According to the WHO’s Policy Brief, a one-stop shop mechanism could be established in order for selected non-commercial actors, the so-called “Champions”, to act as the coordination point for EU institutions involved in the funding of research activities aimed to repurposing. This action may be complemented by the support to public–private partnerships involving research, registration and manufacturing and targeted to guarantee volumes for non-profitable compounds.
Among possible non-profit institutions to access funding for repurposing research in cancer are the European Organisation for Research on Cancer (EORTC) and the Breast Cancer International Group. An overview of other existing initiatives on repurposing has been offered during the debate by the WHO’s representative, Sarah Garner.

How to address repurposing
Looking for a new indication is just one of the possible points of view from which to look at the repurposing of a medicine. Other possibilities include the development of a new administration route for the same indication, the setup of a combination form instead of the use of separated medicinal products, or the realisation of a drug-medical device combination.

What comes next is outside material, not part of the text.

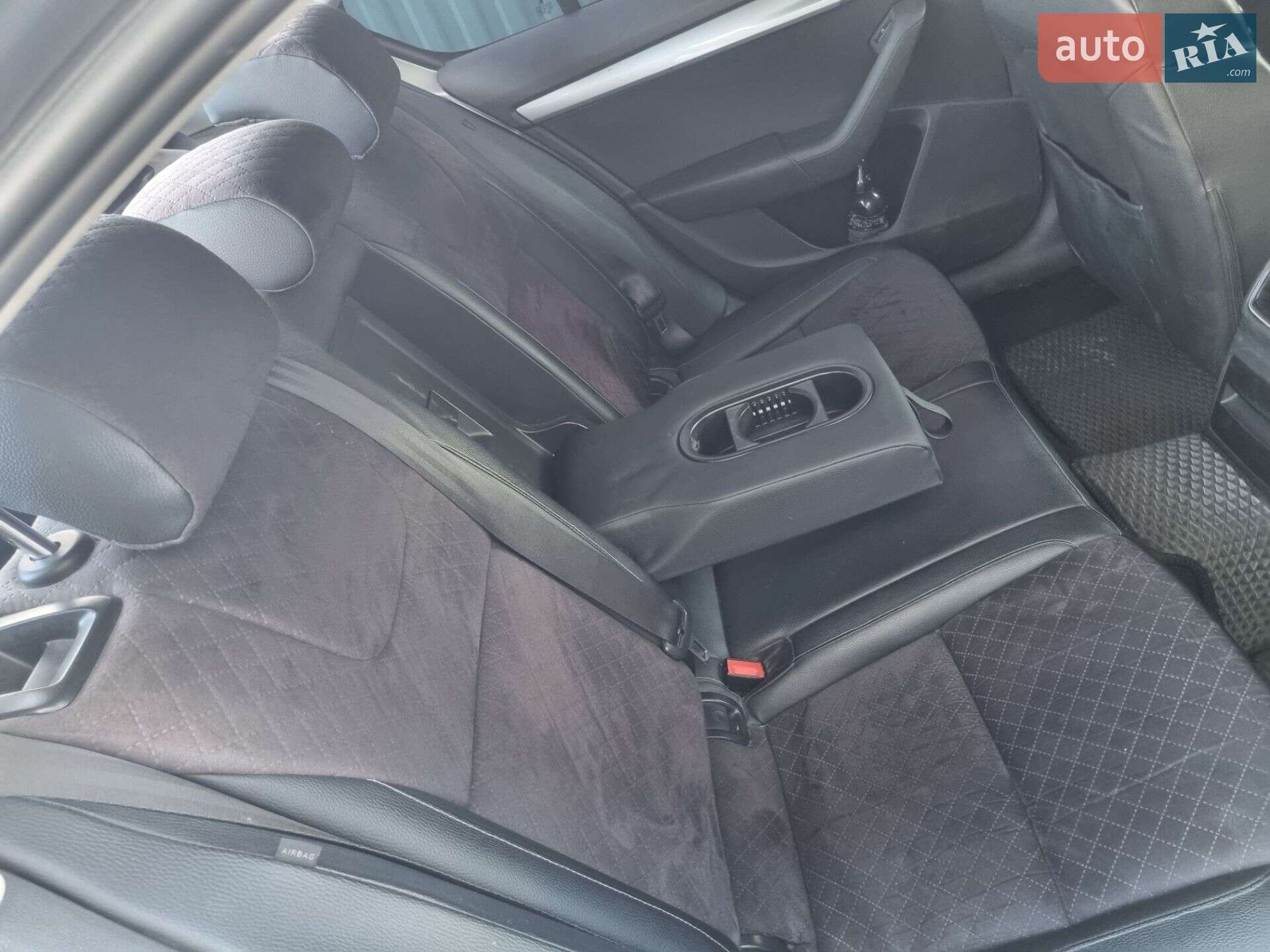 Skoda Octavia 2013 VIN TMBAJ9NE2E0030442 фото оголошення 5 з 10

A change of strategy in the war on cancer may be useful, according to Lydie Meheus, Managing Director of the AntiCancer Fund (ACF), and Ciska Verbaanderd.

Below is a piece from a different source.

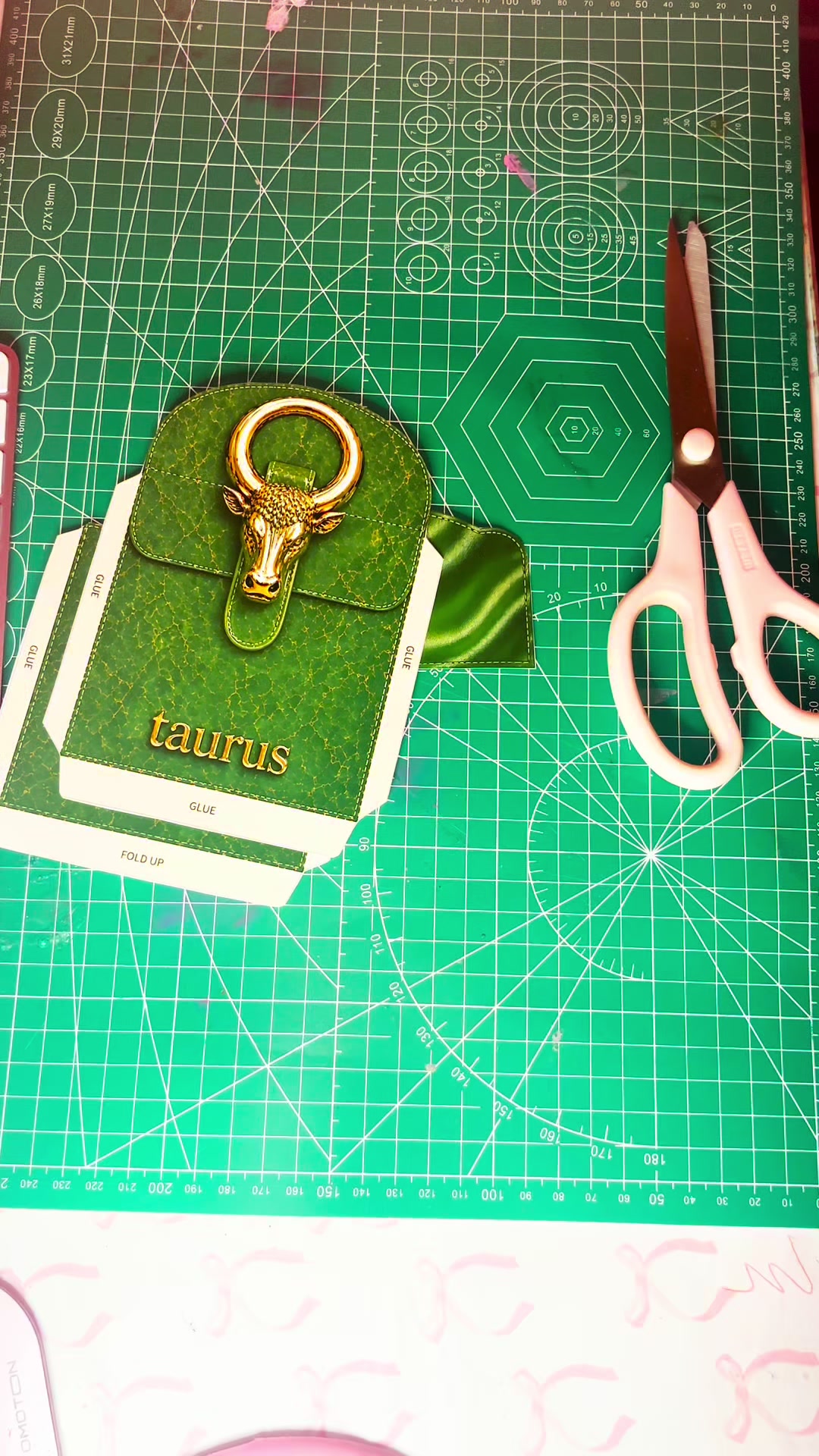 @Mika Dore Inspires| AI&CRAFTS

Keeping cancer development under control may bring more efficacy to the intervention than trying to cure it, said ACF’s representatives. The possible approaches include a hard repurposing, with a medicine being transferred to a completely new therapeutic area on the basis of considerations about the tumor biology and the immunological, metabolic and inflammatory pathways, or a soft repurposing within the oncology field, simply looking to new indications for rare cancers.
From the regulatory point of view, a possible example for EMA on how to address the inclusion of new off-label uses of marketed medicines is given by the FDA, which may request a labeling change when aware of new information beyond the safety ones.

The Champion framework
The Champion framework, proposed as a result of the STAMP project, is intended to facilitate data generation and gathering compliant to regulatory requirements for a new therapeutic use for an authorised active substance or medicine already free from of intellectual property and regulatory protection.

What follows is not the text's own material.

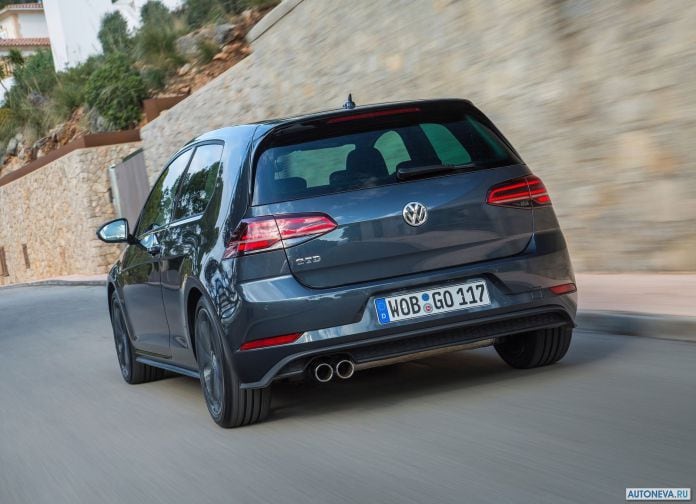 2017 Volkswagen Golf GTD - фотография 10 из 15 2017 Volkswagen Golf GTD - фотография 10 из 15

A Champion is typically a not-for-profit organisation, which interacts with the MAH in order to include on-label what was previously off-label, using existing regulatory tools (e.g innovation offices and scientific and/or regulatory advice). The Champion shall coordinate research activities up to full industry engagement and would be responsible for filing the initial request for scientific/regulatory advice on the basis of the available data. The pilot project to be activated to test the framework will be monitored by the Repurposing observatory group (RepOG), which will report to the Pharmaceutical Committee and will issue recommendations on how to deal with these types of procedures.

AI to optimise the chances of success
Artificial intelligence (AI) may play a central role in the identification of suitable medicines to be repurposed for a target indication, as it supports the collection and systematic analysis of very large amounts of data. The process has been used during the Covid pandemic, for example, when five supercomputers analysed more than 6 thousand molecules and identified 40 candidates for repurposing against the viral infection.
AI can be used along drug development process, making it easier to analyse the often complex and interconnected interactions which are at the basis of the observed pharmacological effect (e.g drug-target, protein-protein, drug-drug, drug-disease), explained Prof. Marinka Zitnik, Harvard Medical School.
To this instance, graphic neural networks can be used to identify a drug useful to treat a disease, as it is close to the disease in “pharmacological space”. The analysis may also take into account the possible interactions with other medicines. This is important to better evaluate the possible side effects resulting from co-prescribing; annual costs in treating side effects exceed $177 billion in the US alone, according to Prof. Zitnik.